In an op-ed for The Huffington Post, published today Wheeler proposed a plan that would increase consumer protections against internet service providers, who currently have free reign to do anything with user information collected from Internet searches. He says he wants to give consumers “control over how their information is used.”

In order to do that, Wheeler is looking to build a model off existing regulations imposed on phone companies, in which the FCC already limits the ability to repurpose and sell information gleaned from a user’s phone activity.

But Wheeler eagerly emphasize that the proposal will not take away an ISP’s ability to use the information they collect, but rather give consumers the option to say whether or not they want ISPs to do so.

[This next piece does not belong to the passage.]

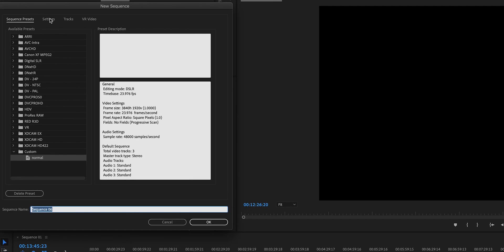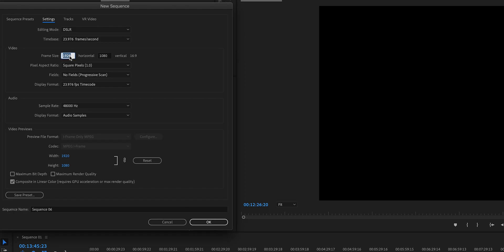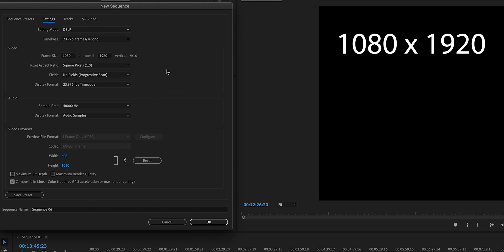First, you need to make another sequence — hit Command+N to make a new sequence and go to Settings. The only thing you have to change is the frame size in the video section. Usually it's 1920 by 1080, which is a 16 by 9 aspect ratio — that's horizontal. But this time we want to make it vertical, so we're going to make this aspect ratio the opposite: 9 by 16. Simply put 1080 in the width field and 1920 in the height field, and now it's 9 by 16. Leave the rest unchanged and hit OK — now it's vertical.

Under the proposal, there would be just three actions ISPs could take without first asking your permission:

  1. “ISPs would be able to use information about where you want to go on the internet in order to deliver the broadband service you signed up for, just as phone companies can use the phone numbers you dial to connect you to your calls.”
  2. “They would also be able to use customer information for other purposes that are consistent with customer expectations; for example to market higher speed connections and to bill for their services.”
  3. “ISPs would be able to use and share customer information with their affiliates to market other communications-related services unless you ‘opt out’ and ask them not to.”

All other actions that involve collecting personal data from users would require them to “opt in,” a process that is considered more transparent than “opting out,” because it doesn’t require a deeper knowledge of the subject to adjust preferences.

Wheeler also notes that his proposal does not protect against the privacy policies of individual websites. His argument here is that consumers have the ability to not visit certain websites if they disagree with the site’s privacy policies, whereas subscribers are stuck with their ISP.

According to data collected by the FCC in 2013, 67 percent Americans have two or fewer options when they choose their ISP. Furthermore, Wheeler argues it’s downright hard to switch, even if you have the option.

Information Technology and Innovation Foundation, a Washington-based think tank, published a report several days before Wheeler’s proposal was released, saying regulations such as these would be a “mistake.” Trying hard to spread the term “broadband populists,” the think tank claims these regulations would stifle innovation by cutting off revenue streams that would otherwise go to increased network strength or consumer discounts. However, it’s hard to imagine billion dollar corporations being hindered financially by a mere tweak in privacy policy.

The Foundation also notes, this is a way for Wheeler and those meddling “broadband populists” to evade Congressional approval and set up a “European-style privacy regime for the United States.”

At the FCC’s March 31 meeting — when the organization will vote on several issues — Wheeler is hoping the other members will allow the proposal to enter an open comment period before adopting and enacting the final proposal at a later date.